A tale of two clouds
AWS isn’t what they used to be. “It’s feeling a lot like Day Two over here,” friends at AWS often tell me, shaking their heads sadly. A sweaty pursuit of generative AI has clouded their historic focus on IaaS building blocks. A myopic insistence on RTO continues to force out top talent. They’re even deprecating services now. (My 168 AWS Services song from 2020 references at least 4 services, not counting SimpleDB, that have since been or soon will be entirely scrubbed from the docs and SDKs: Workdocs, Honeycode, Snowmobile, and Alexa for Business.)
But you know what AWS still does better than anybody else? They actually listen to their customers and bend over backwards to help them out.
Case in point: on April 29th, a software engineer named Maciej Pocwierz discovered an unusual behavior in Amazon S3 that left him on the hook for a $1,300 bill.
Cliff’s Notes explanation of the behavior:
S3 buckets all exist in a single global namespace.
Anybody can try to access any S3 bucket, with or without an AWS account, if they happen to guess the bucket name.
Assuming the bucket is not publicly accessible, the unauthorized user will get a generic HTTP 4xx error code.
In this case, the unauthorized requests (over 100 million of them!) were coming from the makers of a widely-used open-source tool, who had accidentally shipped a default configuration that collided with Maciej’s bucket name. They quickly rolled out a fix, and the problem stopped.

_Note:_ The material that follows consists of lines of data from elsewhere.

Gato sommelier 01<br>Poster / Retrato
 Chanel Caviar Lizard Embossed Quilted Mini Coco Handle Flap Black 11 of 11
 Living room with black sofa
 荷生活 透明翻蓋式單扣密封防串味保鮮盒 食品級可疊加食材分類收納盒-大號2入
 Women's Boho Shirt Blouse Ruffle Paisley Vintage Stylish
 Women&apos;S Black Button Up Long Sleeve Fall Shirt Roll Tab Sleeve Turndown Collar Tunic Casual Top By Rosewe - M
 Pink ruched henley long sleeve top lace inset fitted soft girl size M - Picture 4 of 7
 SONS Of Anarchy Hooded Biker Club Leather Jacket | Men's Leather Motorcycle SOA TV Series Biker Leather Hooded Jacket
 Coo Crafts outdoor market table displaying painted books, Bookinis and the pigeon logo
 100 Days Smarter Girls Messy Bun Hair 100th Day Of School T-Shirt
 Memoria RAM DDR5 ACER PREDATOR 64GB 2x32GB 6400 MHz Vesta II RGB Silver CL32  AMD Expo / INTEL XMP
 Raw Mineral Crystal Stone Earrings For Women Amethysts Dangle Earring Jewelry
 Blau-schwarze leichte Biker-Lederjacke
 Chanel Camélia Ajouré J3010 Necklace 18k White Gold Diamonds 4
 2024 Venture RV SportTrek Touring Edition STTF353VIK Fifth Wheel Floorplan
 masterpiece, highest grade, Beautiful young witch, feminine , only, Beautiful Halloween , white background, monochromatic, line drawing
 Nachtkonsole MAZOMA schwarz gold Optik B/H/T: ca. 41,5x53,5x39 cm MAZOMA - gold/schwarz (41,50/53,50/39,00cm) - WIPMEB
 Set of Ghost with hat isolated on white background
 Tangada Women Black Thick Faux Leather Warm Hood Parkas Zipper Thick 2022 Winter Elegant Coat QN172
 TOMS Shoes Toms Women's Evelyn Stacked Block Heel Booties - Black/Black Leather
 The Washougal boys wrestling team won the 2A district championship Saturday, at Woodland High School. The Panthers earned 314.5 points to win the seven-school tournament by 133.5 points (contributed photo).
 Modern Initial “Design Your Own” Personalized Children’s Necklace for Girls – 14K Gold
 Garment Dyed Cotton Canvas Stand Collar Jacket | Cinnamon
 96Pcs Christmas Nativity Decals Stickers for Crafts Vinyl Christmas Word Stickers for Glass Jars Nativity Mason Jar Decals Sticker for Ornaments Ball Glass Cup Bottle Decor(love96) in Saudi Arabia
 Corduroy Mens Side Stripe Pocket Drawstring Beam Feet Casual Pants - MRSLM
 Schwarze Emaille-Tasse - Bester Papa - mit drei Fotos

So far, so reasonable. What surprised Maciej was that each of those 100 million unauthorized requests gets billed to the bucket owner. In other words, it’s possible to perform a “denial-of-wallet” attack simply by spamming bad requests to your enemy’s bucket. And even though AWS Support was kind enough to refund this particular bill, there was nothing Maciej could do to protect against this attack in future. It was just a built-in risk of using S3.
Now, there were several ways AWS could have responded once Maciej’s blog about the incident gained wide attention.
They could have said “This is expected behavior; just use randomized bucket names that are harder for attackers to guess.”
They could have pointed out that it’s quite resource-intensive to spin up enough of these requests to make a meaningful dent in enterprise wallets, so this probably isn’t going to be a big risk for big customers.
They could have just stayed quiet about the whole thing and waited for everyone to forget about it.
But they didn’t do any of that. Instead, AWS’s official Voice of the Customer, Jeff Barr, acknowledged within 24 hours that people shouldn’t have to pay for unauthorized S3 requests they didn’t initiate. Within a week, the S3 team was working on a fix. And as of May 13th, customers will no longer incur request or bandwidth charges for HTTP 403 requests initiated from outside their own environment.
I just want to pause for a second on how remarkable this is. S3 is an enormous, mature product with all sorts of complex billing dimensions. Although they employ a lot of engineers, I’m quite sure everyone was busy with a full roadmap of other priorities for the quarter. And yet … they found time to roll out a nontrivial behavior change based on the complaint of one person at a small Polish consulting company who had incurred a total bill of $1300 US dollars. Elapsed turnaround time from complaint to rollout was 2 weeks.
That, my friends, is what customer obsession looks like. As long as AWS can still do that, they are the cloud to beat.
Meanwhile, in the other cloud…
At the exact same time all this was unfolding, Google Cloud was having troubles of its own.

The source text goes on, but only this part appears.